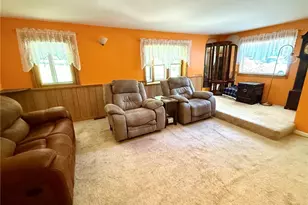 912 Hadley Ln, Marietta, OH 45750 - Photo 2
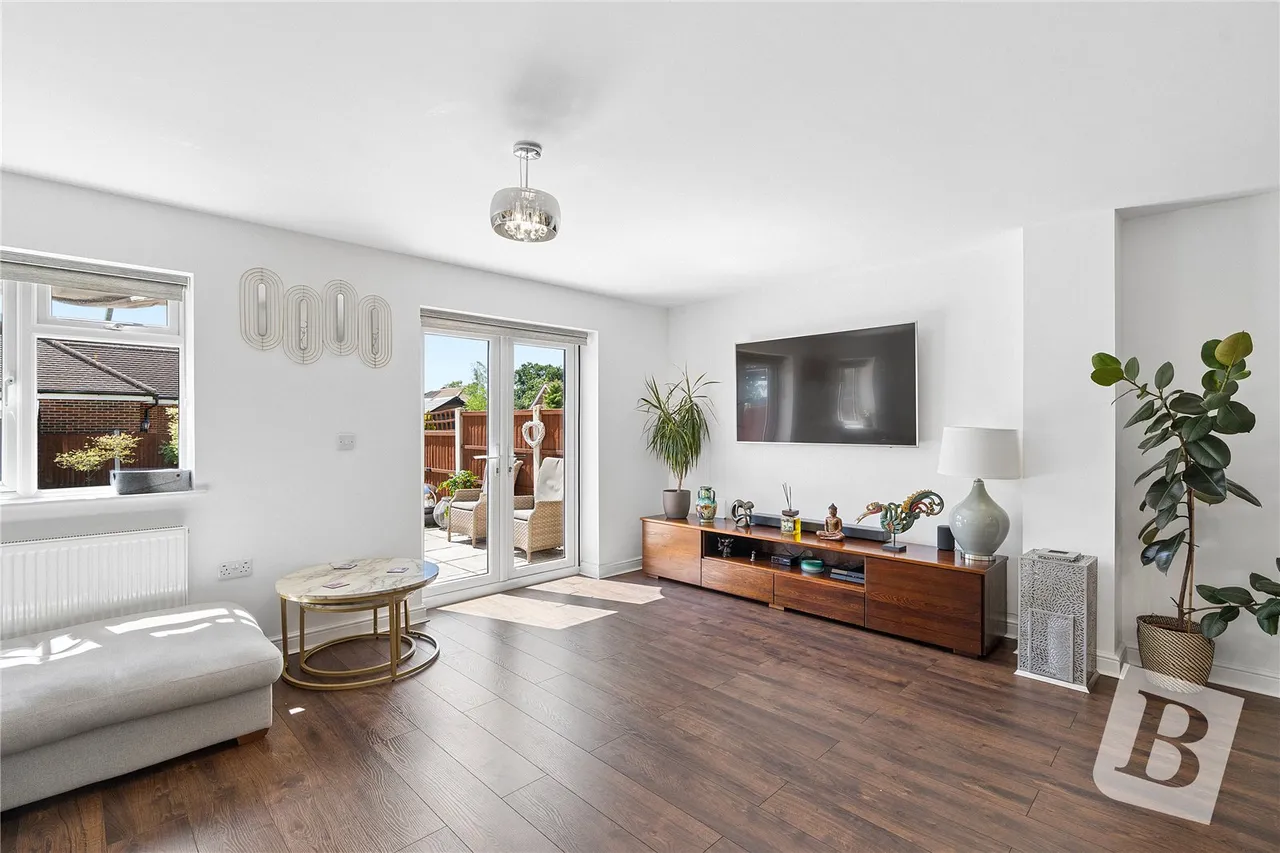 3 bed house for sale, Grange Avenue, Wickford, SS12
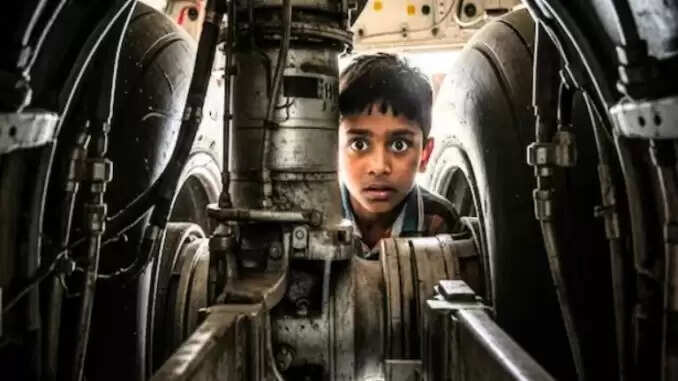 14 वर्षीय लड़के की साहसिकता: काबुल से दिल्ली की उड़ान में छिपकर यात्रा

__ACTION ITEM__
Any images must be dropped; all other material is to be printed exactly.

__OUTPUT BELOW__
 912 Hadley Ln, Marietta, OH 45750 - Photo 2
 3 bed house for sale, Grange Avenue, Wickford, SS12
 14 वर्षीय लड़के की साहसिकता: काबुल से दिल्ली की उड़ान में छिपकर यात्रा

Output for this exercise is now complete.